Presiden Prabowo Subianto menyoroti dinamika pemberitaan media yang dinilai kerap memberikan porsi besar pada sisi kekurangan kinerja pemerintah secara kurang berimbang di ruang publik.

"Ada juga media-media yang iya kan, walaupun kita sudah perbaiki 67.000 sekolah, dia cari sekolah yang belum diperbaiki," kata Prabowo.

Presiden menambahkan bahwa penataan berita semacam itu berdampak pada pembentukan persepsi publik secara luas di tengah dinamika demokrasi.

"Dia foto besar, taruh di halaman pertama. Aduh... dia kira kita enggak ngerti, eh? Saya enggak sebutlah media mana itu. Kalau saya sebut ya pada saatnya akan saya sebut. Kalian sudah tahulah itu. Kita negara demokrasi, kita tidak anti kritik, tapi kita bukan anak kecil," tuturnya.

Presiden menekankan bahwa pemerintah tidak anti terhadap kritik.

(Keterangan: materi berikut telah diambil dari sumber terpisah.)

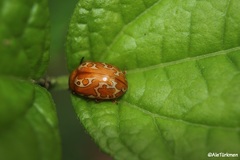 Calligrapha labyrinthica
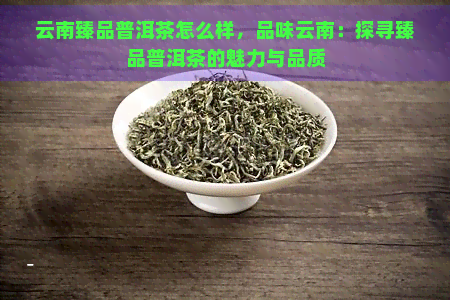 云南臻品普洱茶怎么样，品味云南：探寻臻品普洱茶的魅力与品质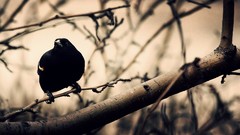 Branches Birds Ravens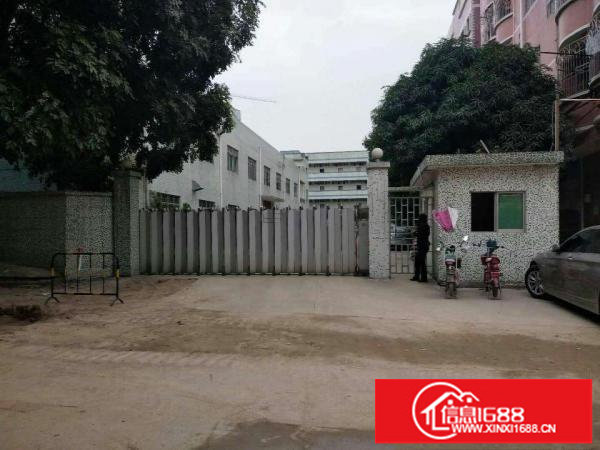 平湖辅城坳楼上带装修1000平出租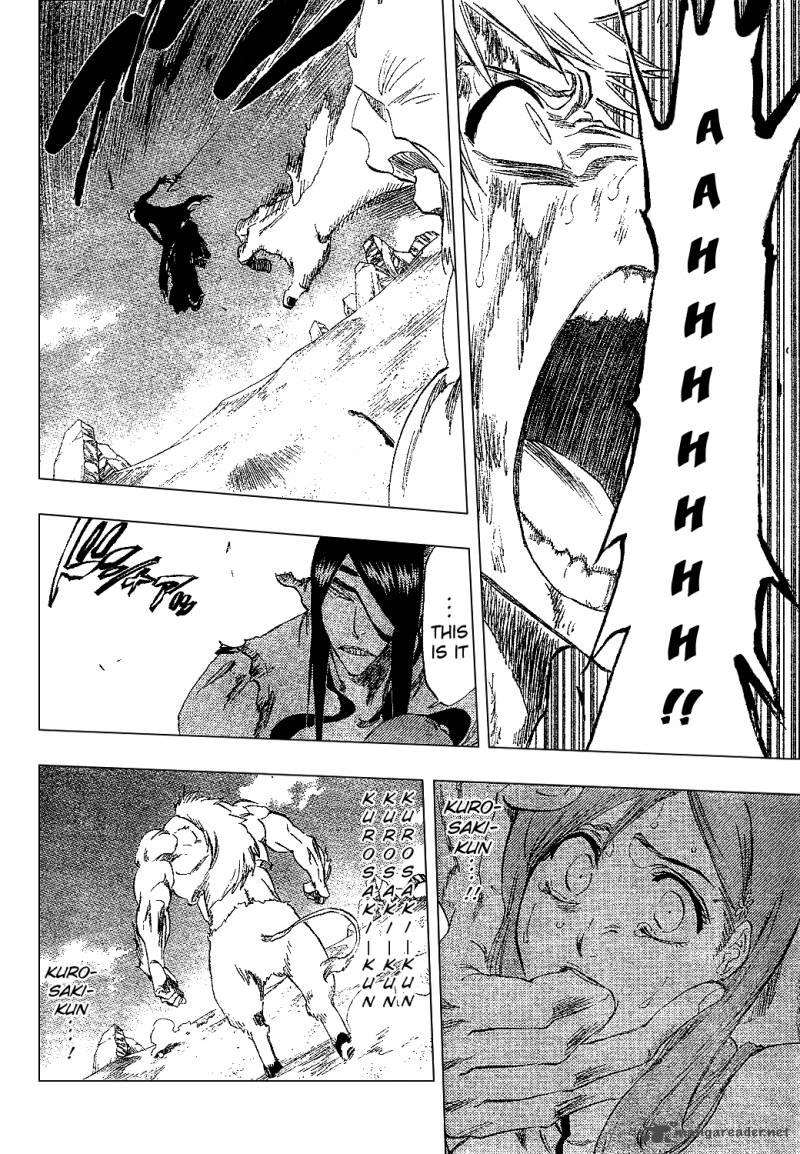 Bleach Chapter 297 Page 17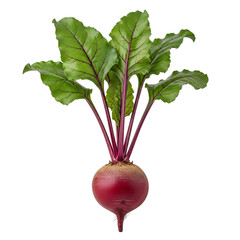 Raw Beetroot with Leafy Greens Isolated for Culinary Projects
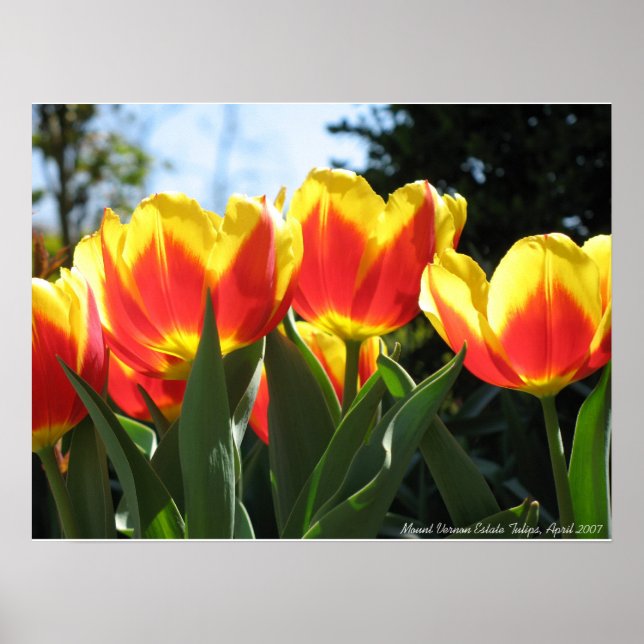 Póster Tulipanes de la finca Mount Vernon (Frente)
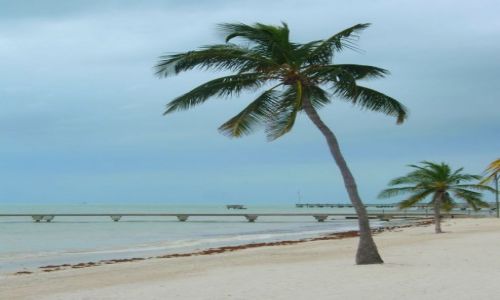 Zdjęcie USA / Floryda / Key West / Samotna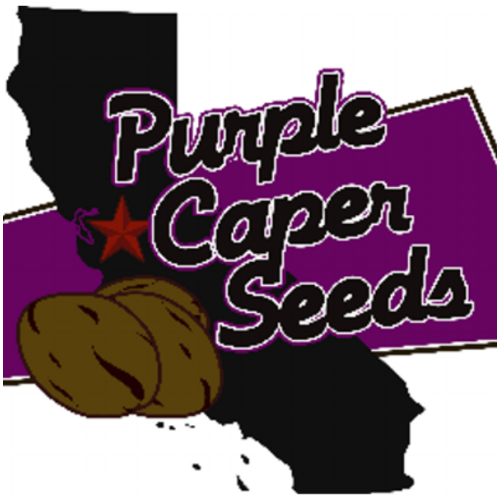 Purple Caper Seeds - Skunk Lady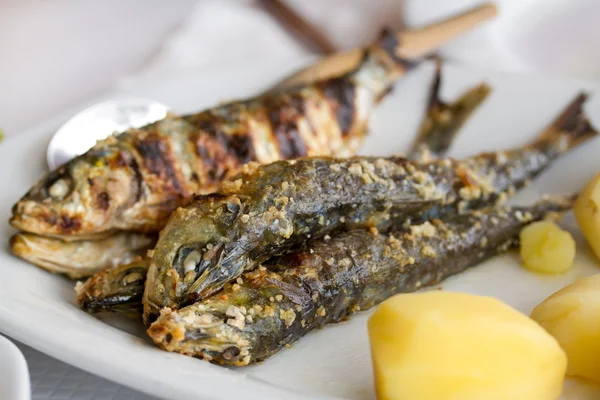 Sardine fritte con patate bollite — Foto Stock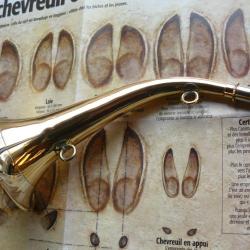 Trompe / Corne Milliens  de 35 cm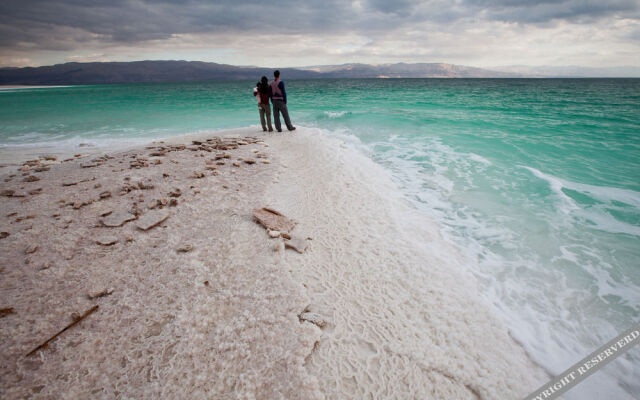 Belfer's Dead Sea cabins- Apartments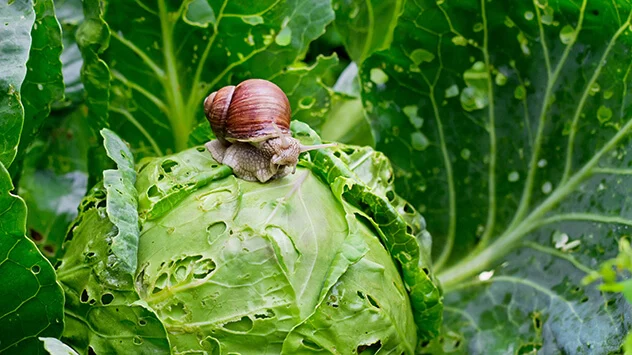 Weinbergschnecke sitzt auf angefressenem Kohlkopf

Namun ia menyayangkan adanya pihak-pihak yang dinilai lebih mengabdi pada kepentingan bangsa lain.

"Kita tahu ada orang-orang Indonesia yang senang mengabdi dan berbakti kepada bangsa lain. Itu yang dulu kita sebut Londo Ireng. Iya, yang ikut Belanda perang lawan kita, Londo-Londo Ireng ini sampai sekarang masih ada, hanya dia sekarang pakai baju lain kan," tegas Prabowo.

"Wartawan, jurnalis, apa itu, pengamat, LSM harus kita tanya, yang gaji lu siapa? Yang bayar listrikmu siapa? Yang bayar handphonemu siapa? Cari pekerjaan susah, kita tahu kan?" tambahnya.